Many South Africans are looking to move funds offshore, for reasons that range from travel and investing to importing or exporting new products and launching new businesses.

But without observing the correct exchange control procedures, you or your business could quickly land in hot water with the South African Reserve Bank (Sarb).

Introduced in 1961 in an effort to ensure currency stability and manage the country’s balance of payments, exchange controls are used to manage, measure and report total foreign exchange inflows and outflows.

Consequently, all foreign exchange transactions must be reported by authorised dealers to Sarb as the relevant regulatory authority by way of a Balance of Payments form.

South Africa is one of just a few countries globally that still imposes exchange controls on individuals and entities (others include China and India), and failure to comply could mean a hefty fine, the freezing of your bank accounts, or even, in severe cases, the forfeiture of assets.

And despite some claims to the contrary, do not be hoodwinked into believing that you can bypass exchange control through the use of cryptocurrencies such as Bitcoin, as all transactions into or out of the country must be reported if you are to avoid wrangling with Sarb in the future.

In terms of individuals, each South African has a single discretionary annual allowance of R1 million, and may invest a further R10m offshore subject to certain criteria, such as acquiring a tax clearance certificate.
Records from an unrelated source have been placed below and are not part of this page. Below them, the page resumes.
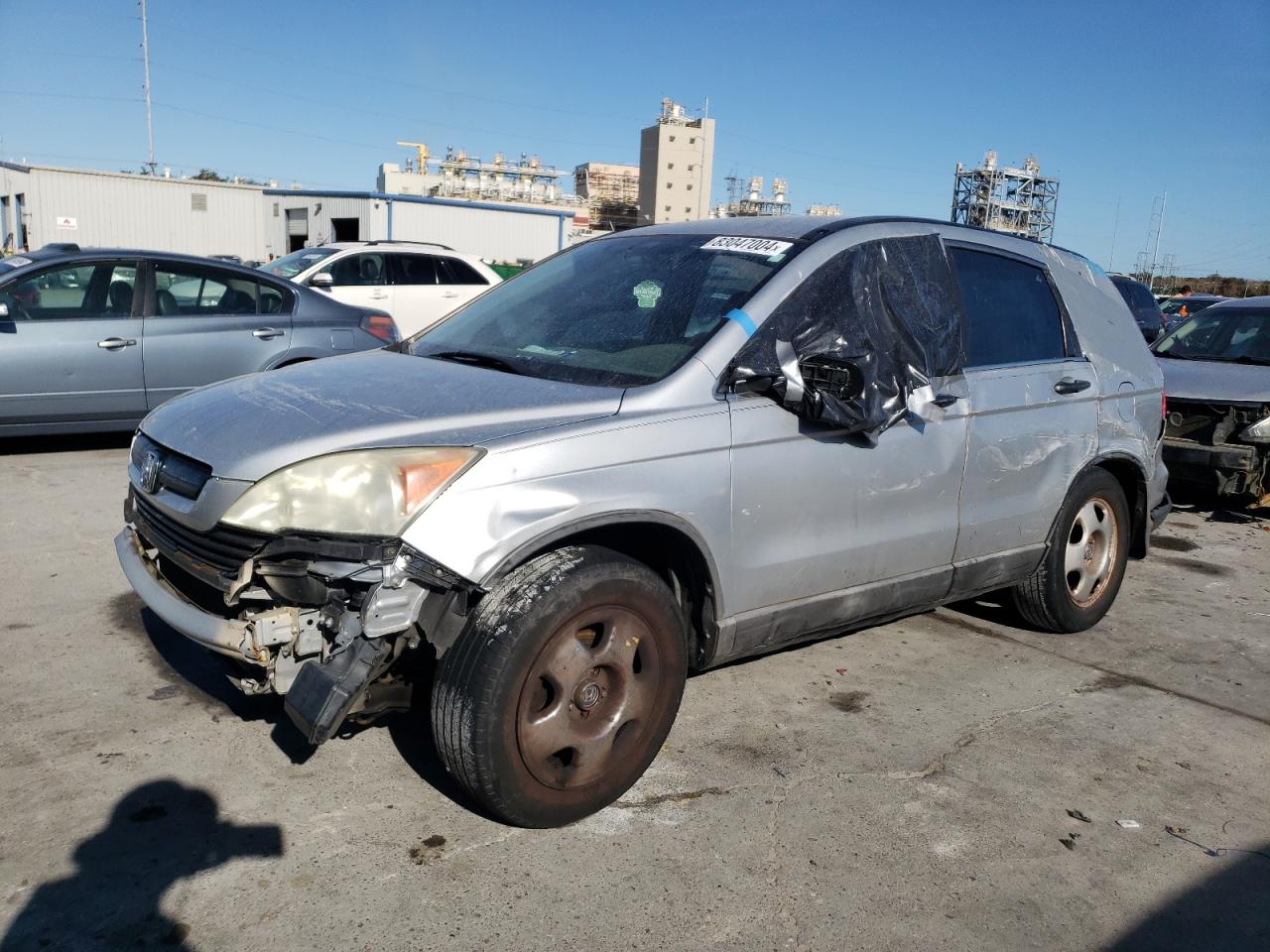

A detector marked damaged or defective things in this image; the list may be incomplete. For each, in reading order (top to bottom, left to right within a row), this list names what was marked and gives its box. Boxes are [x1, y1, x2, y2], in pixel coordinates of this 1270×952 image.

crushed front end [1163, 401, 1264, 502]
crushed front end [116, 438, 479, 746]
damaged front bumper [118, 495, 479, 751]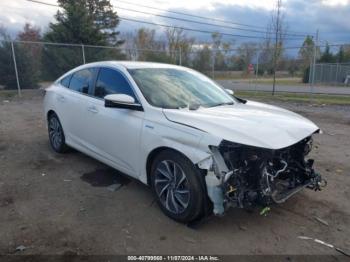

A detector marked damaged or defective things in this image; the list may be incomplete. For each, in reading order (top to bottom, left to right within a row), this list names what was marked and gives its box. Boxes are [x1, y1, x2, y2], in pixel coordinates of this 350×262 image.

crumpled hood [163, 100, 318, 149]
destroyed headlight assembly [201, 137, 326, 215]
severe front damage [202, 135, 326, 215]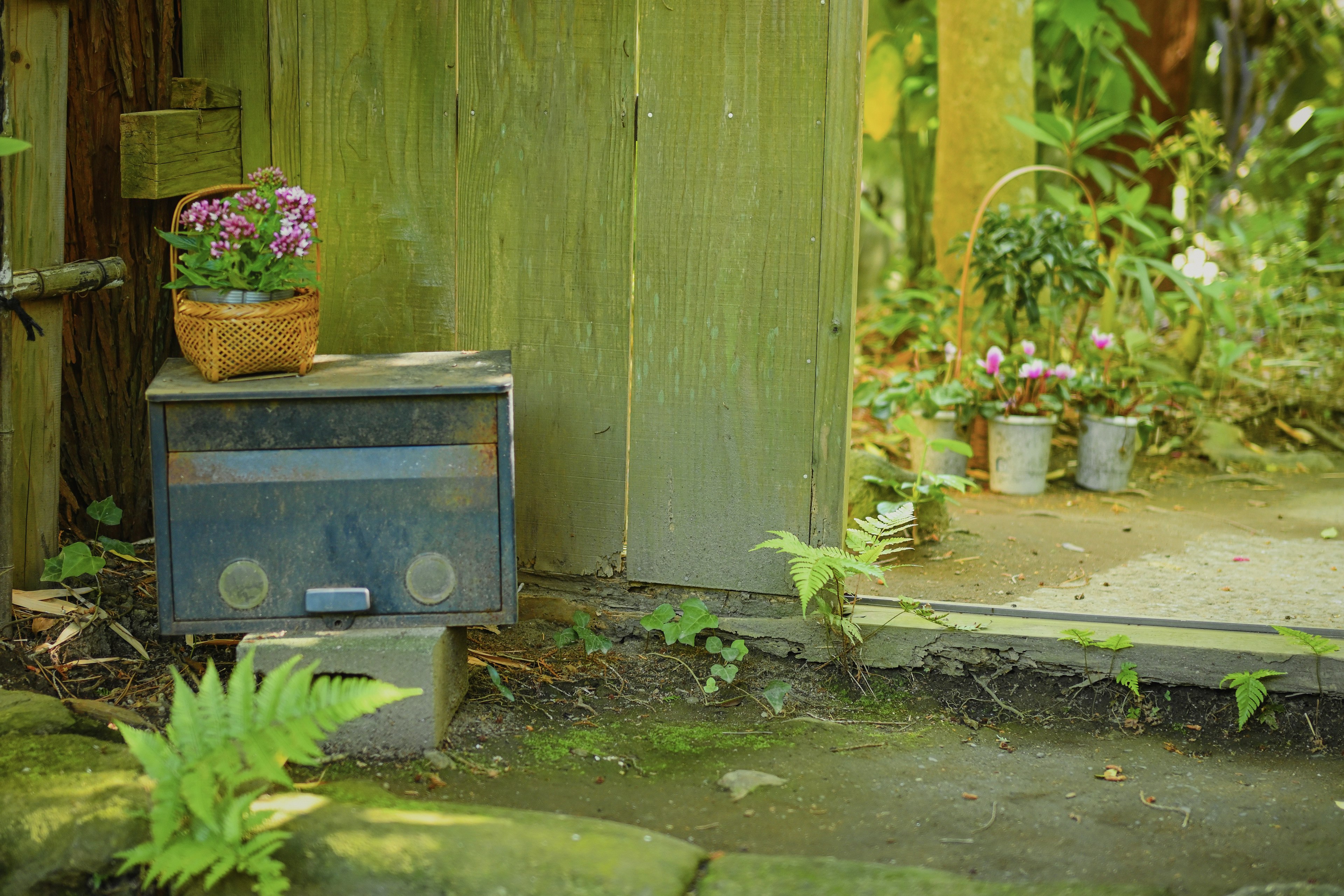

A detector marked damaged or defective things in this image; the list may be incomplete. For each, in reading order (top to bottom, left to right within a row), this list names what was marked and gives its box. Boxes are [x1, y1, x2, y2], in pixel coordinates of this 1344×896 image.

rusty metal mailbox [147, 352, 513, 637]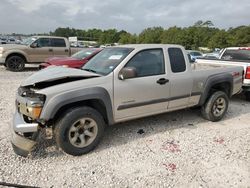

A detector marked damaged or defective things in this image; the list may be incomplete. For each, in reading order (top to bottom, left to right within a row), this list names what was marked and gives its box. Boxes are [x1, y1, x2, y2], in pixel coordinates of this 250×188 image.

crumpled hood [20, 66, 100, 86]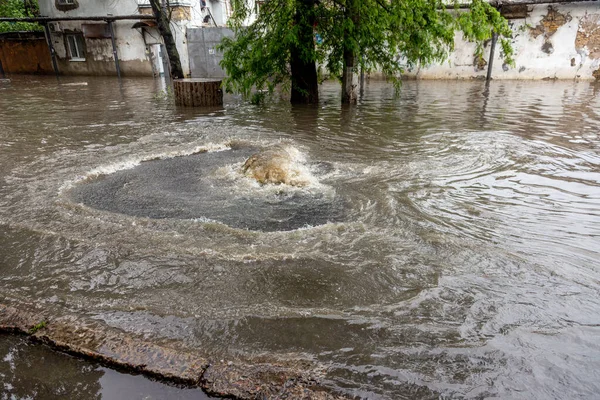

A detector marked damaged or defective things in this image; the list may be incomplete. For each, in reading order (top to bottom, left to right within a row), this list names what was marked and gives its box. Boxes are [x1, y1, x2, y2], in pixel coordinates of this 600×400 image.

damaged building facade [37, 0, 230, 76]
peeling paint wall [406, 2, 600, 80]
damaged building facade [408, 1, 600, 79]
While this effectively means that the individual limits are likely to be felt only by the super wealthy, it is nonetheless essential to ensure that you do not exceed these amounts without the Sarb’s express approval.
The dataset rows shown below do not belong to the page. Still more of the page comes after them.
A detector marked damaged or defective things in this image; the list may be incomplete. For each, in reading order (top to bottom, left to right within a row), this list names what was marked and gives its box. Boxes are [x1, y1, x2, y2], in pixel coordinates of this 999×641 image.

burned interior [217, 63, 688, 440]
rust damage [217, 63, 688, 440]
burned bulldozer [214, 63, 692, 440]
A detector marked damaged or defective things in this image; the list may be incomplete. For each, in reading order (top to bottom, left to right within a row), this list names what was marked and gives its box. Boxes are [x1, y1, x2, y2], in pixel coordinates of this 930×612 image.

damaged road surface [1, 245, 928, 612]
Additionally, you need to be careful to ensure that your funds are utilised in accordance with the restrictions provided for by the Sarb. Other details such as assigning your transactions the correct category codes, reporting accurate amounts and supplying the necessary supporting documents are further key for compliance.

There are also specific exchange control procedures that entities such as businesses and trusts must comply with, such as the requirement that entities convert foreign dividend receipts into rands within specific time frames according to Sarb requirements.

The Sarb has published separate exchange control manuals for individuals, companies and authorised dealers, and updates these regularly in order to assist individuals and entities to ensure their continued compliance.

Bianca Botes is a treasury partner at Peregrine Treasury Solutions.